Au final, l’enseignement en langue autochtone, qu’il soit immersif ou bilingue, ne pourra bénéficier d’une existence sereine tant que le cadre normatif n’aura pas évolué. Et le législateur ayant rendu l’enseignement en langue autochtone contraire au droit interne, c’est à lui de résoudre le problème dont il est à l’origine, soit en modifiant l’article 2 de la Constitution, soit en prévoyant des accords avec les territoires concernés, comme cela a été mis en place pour la Nouvelle-Calédonie avec l’accord de Nouméa de 1998, et, dans un cas comme dans l’autre, en complétant l’article L. 312-10 du Code de l’éducation, qui ne prévoit actuellement pas la possibilité d’un enseignement immersif. Il est particulièrement urgent de mettre un terme aux effets indésirables de ces textes. L’obstruction à l’enseignement immersif en langue autochtone est, en effet, préjudiciable tant aux parents d’élèves qu’à leurs enfants, il constitue un obstacle à la transmission des langues autochtones, et il porte, de ce fait, atteinte au respect de la diversité linguistique.

Notes :

  1. « Écoles Diwan : le très politique rapport de la chambre régionale des comptes sur l’enseignement du breton », par Benjamin Keltz, Le Monde, 15 février 2024, 8 h 52, modifié à 12 h 18.
  2. « Rapport d’observations définitives et ses réponses. Association Diwan (Département du Finistère). Exercices 2019 et suivants », par la chambre des comptes de Bretagne, sur le site de la Cour des comptes. P. 11-14.
  3. « Décision no 2021-818 DC du 21 mai 2021 – Loi relative à la protection patrimoniale des langues régionales et à leur promotion », sur le site du Conseil constitutionnel. Alinéa 16.
  4. « Taught in english », sur le site de Campus France.
  5. « Loi no 2006-1771 du 30 décembre 2006 de finances rectificative pour 2006 – Article 165 », sur le site Légifrance.
  6. « Décision no 2001-456 DC du 27 décembre 2001 – Loi de finances pour 2002 », sur le site du Conseil constitutionnel. Considérant 49.

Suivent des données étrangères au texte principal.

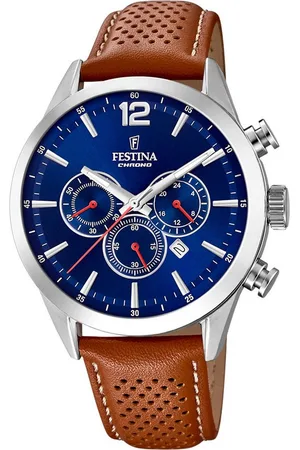 Festina Chronograph Timeless Chronograph F20542/3, Herrenuhr mit Lederarmband, F20542/3, Quarzuhr mit Stoppfunktion, 43,5 mm Gehäuse - Verkäufer: Jäckle Uhrenhandel e.K.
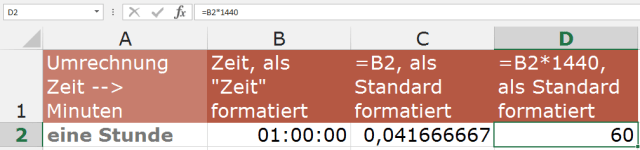 Tipp Excel Zeit in Minuten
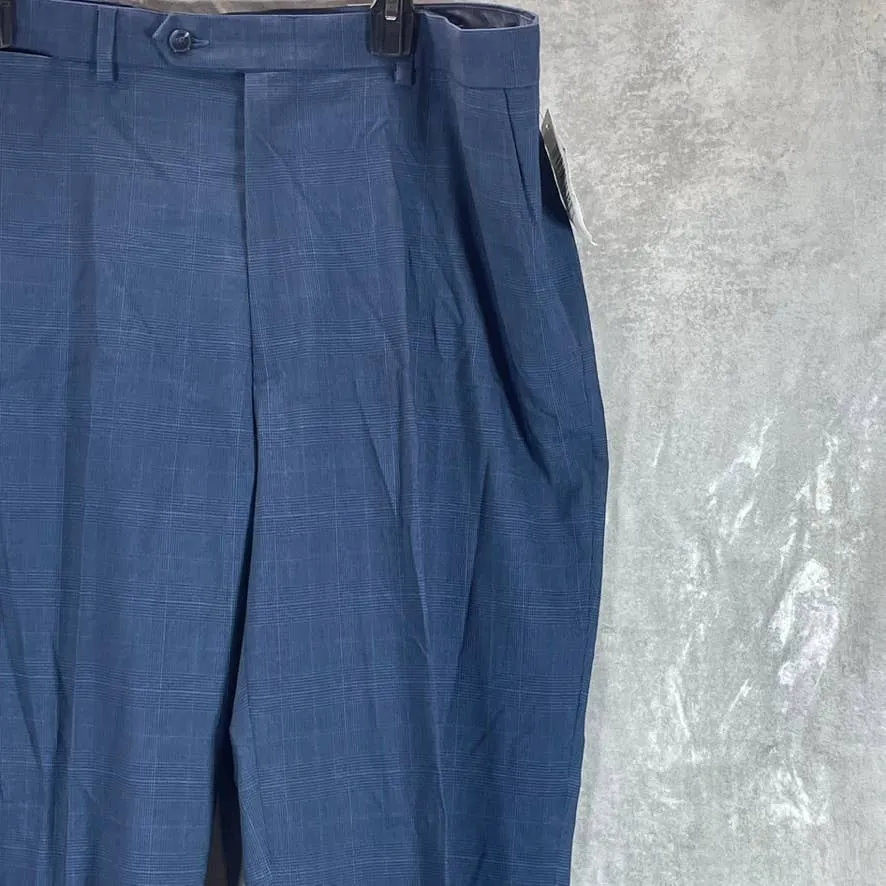 NAUTICA Men's Navy Plaid Modern-Fit Bi-Stretch Suit Pants SZ 41X32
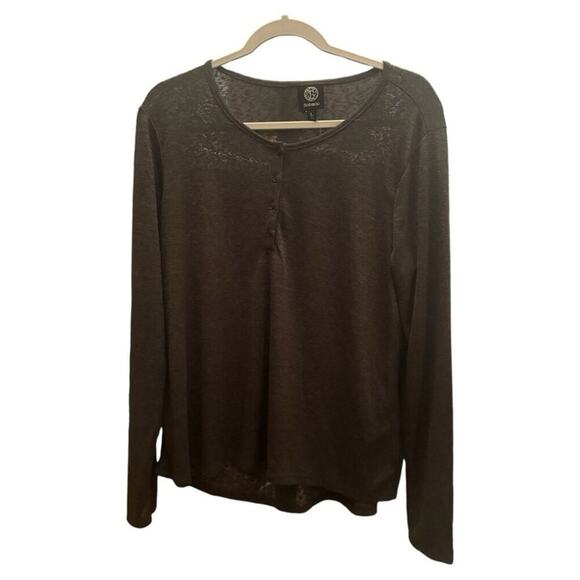 Bobeau Gray Long Sleeve Henley Tee L – Lightweight Sheer Knit Top - Picture 1 of 5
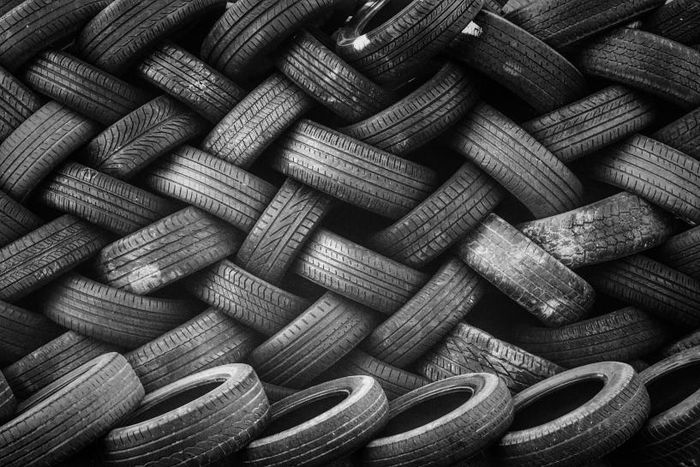 Pile of car tyres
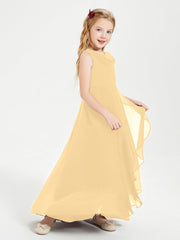 Abiti Da Damigella Junior Asimmetrici Moderni con Scollo A Cappuccio Oro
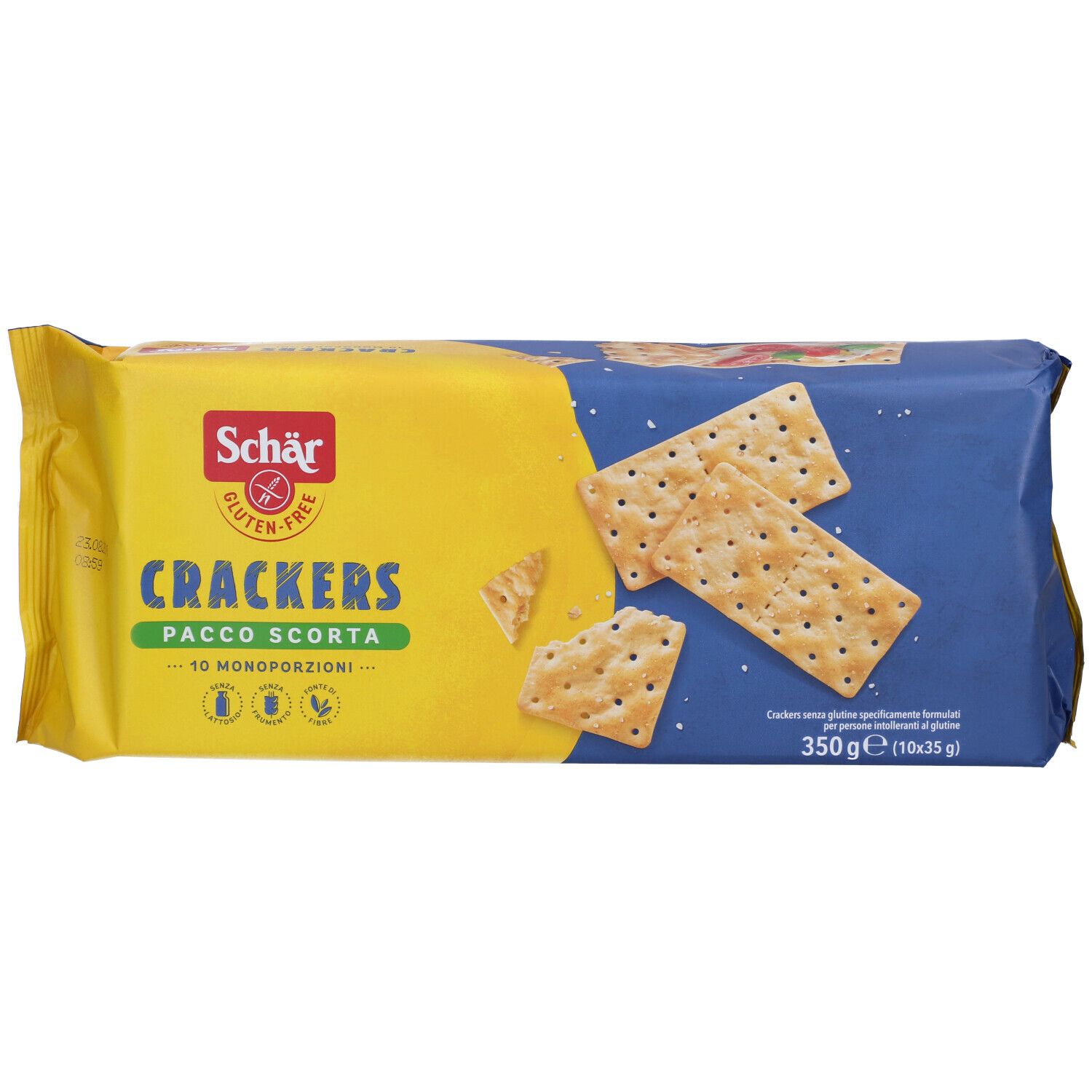 Verpackung Schar® Crackers. Gelb-blaue Verpackung mit Produktnamen und glutenfrei-Logo. Einige Cracker sind sichtbar.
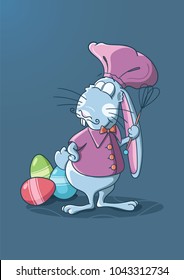 It's a vector illustration of an Easter bunny dressed as a chef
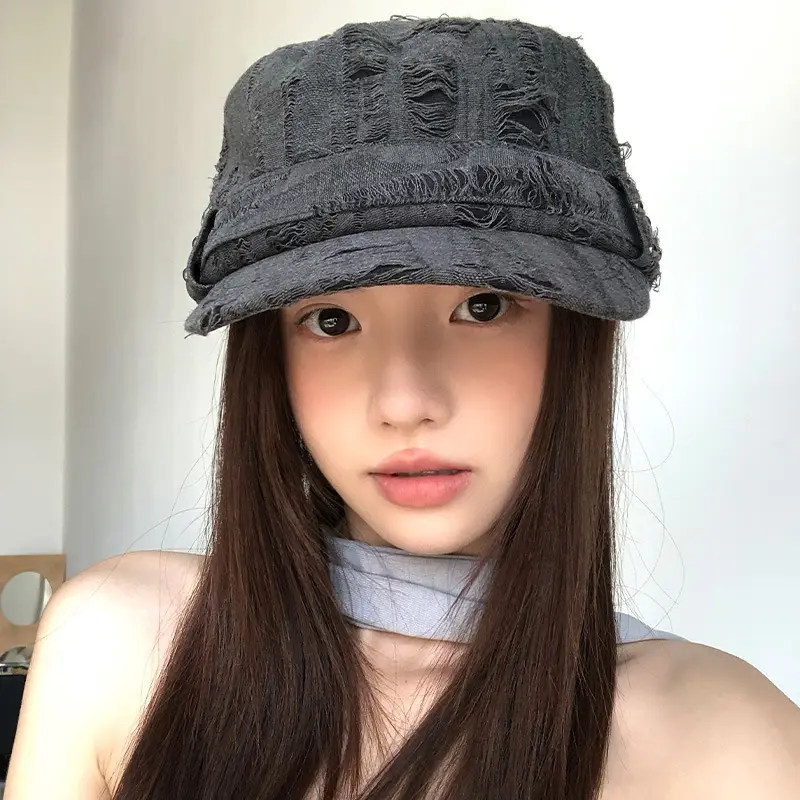 Vintage Distressed Gray Baseball Cap for Women - Image 6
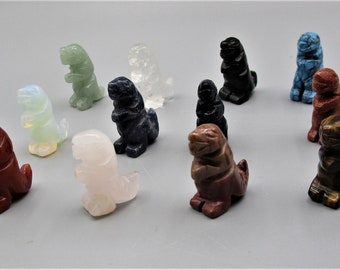T-Rex (Dinozaur) Figurka kamienna ręcznie rzeźbiona z kamienia szlachetnego Totem Duch Zwierzę Kolekcjonerska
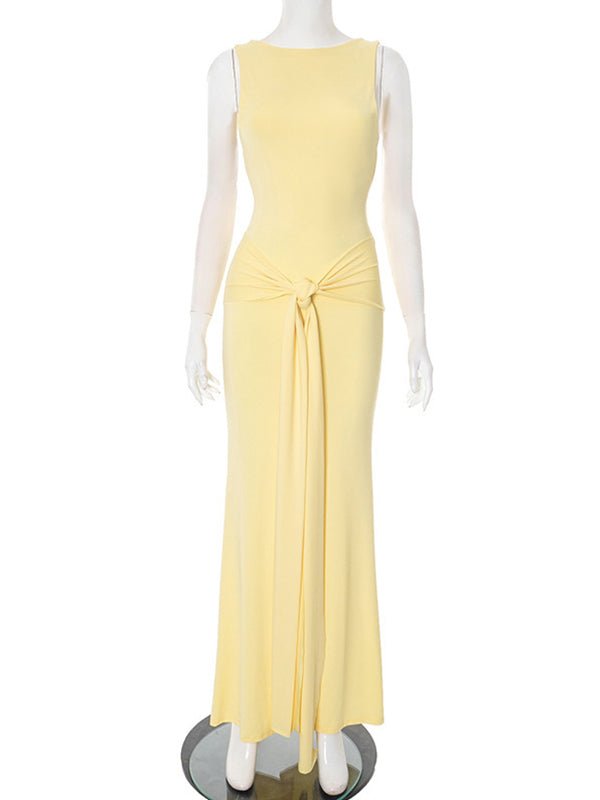 Ruched Wrap Knot Backless Maternity Maxi Dress for Maternity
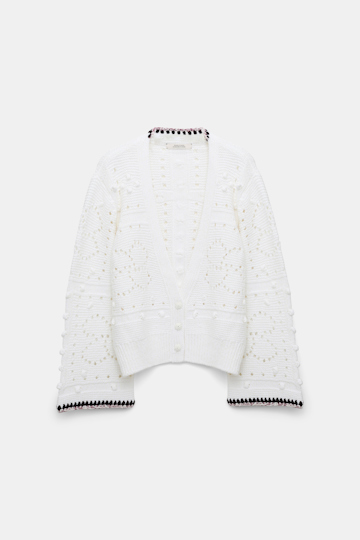 Dorothee Schumacher V-neck cardigan with crochet trim pure white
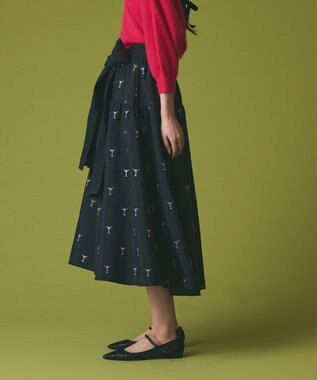 GRACE CONTINENTAL カクテルモチーフスカート ブラック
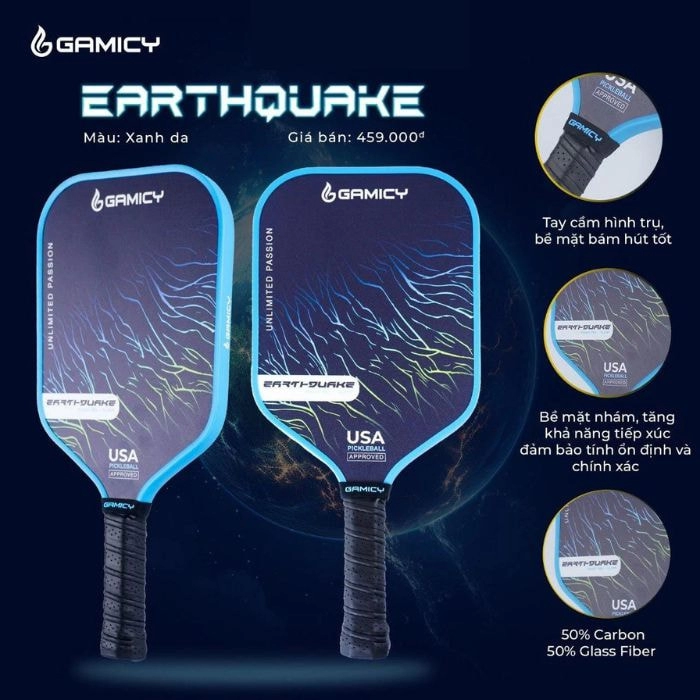 Vợt Pickleball Gamicy Earthquake Chính hãng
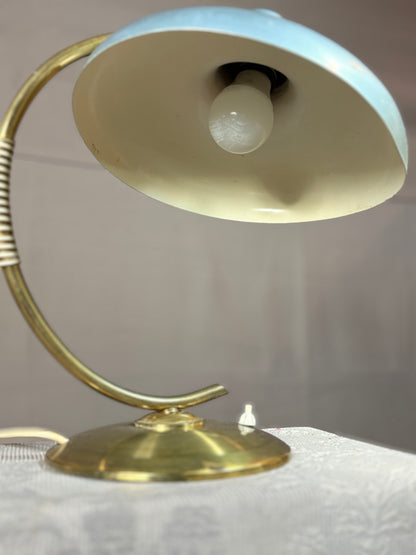 Retro Messing-Lampe - blau-metallic - Space Age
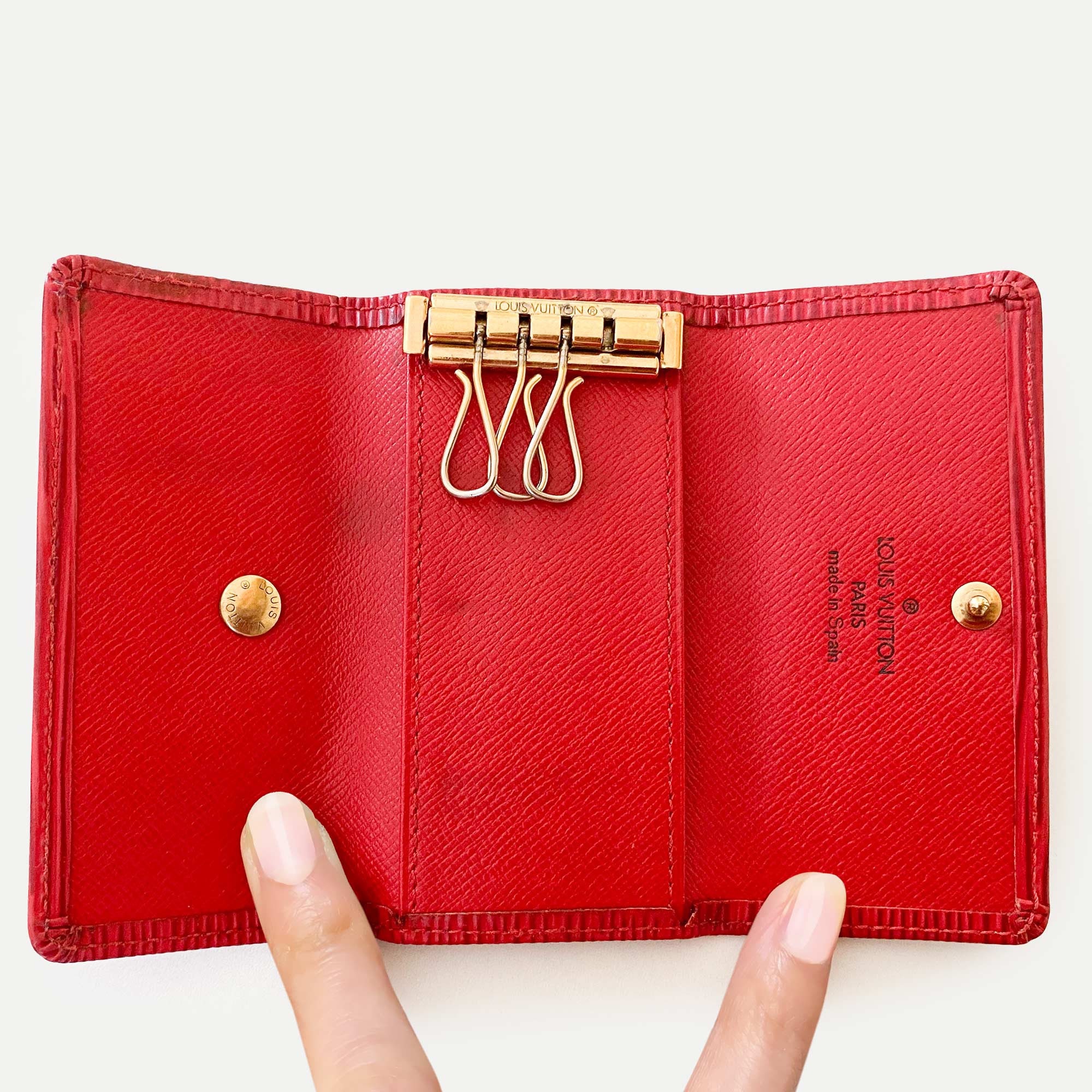 Authentic LOUIS VUITTON Red Epi Leather Key Holder 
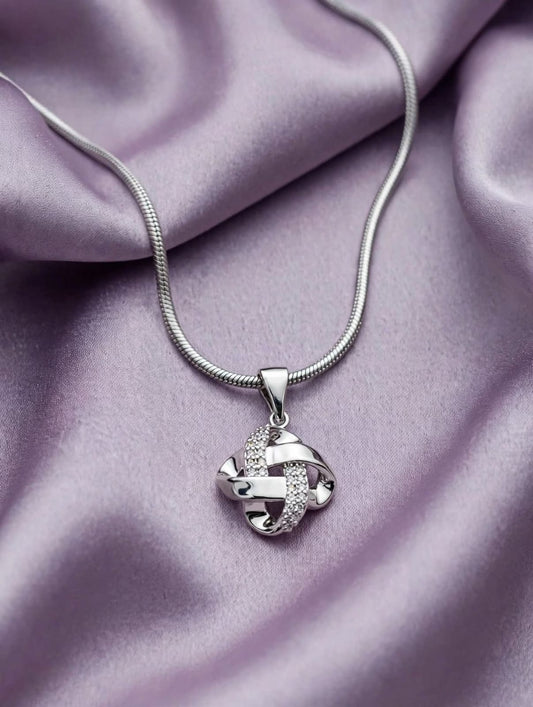 Silver Twisted Knot Pendant Neklace-Diamond Woven Design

  7. « Code de l’éducation – Article D421-132 », sur le site Légifrance.
  8. « Code de l’éducation – Article D421-143-4 », sur le site Légifrance.
  9. « Convention internationale sur l’élimination de toutes les formes de discrimination raciale », sur le site du Haut-commissariat des Nations unies aux droits de l’homme.
  10. Ukraine c. Fédération de Russie, arrêt de la Cour internationale de Justice du 31 janvier 2024, sur le site de la Cour internationale de justice. Renvois des différentes notes : a. § 357 p. 103 ; b. § 9 p. 12 ; c. § 373 p. 106.
  11. « Chapitre IV : Droits de l’homme. 2. Convention internationale sur l’élimination de toutes les formes de discrimination raciale », sur le site Collection des traités des Nations unies.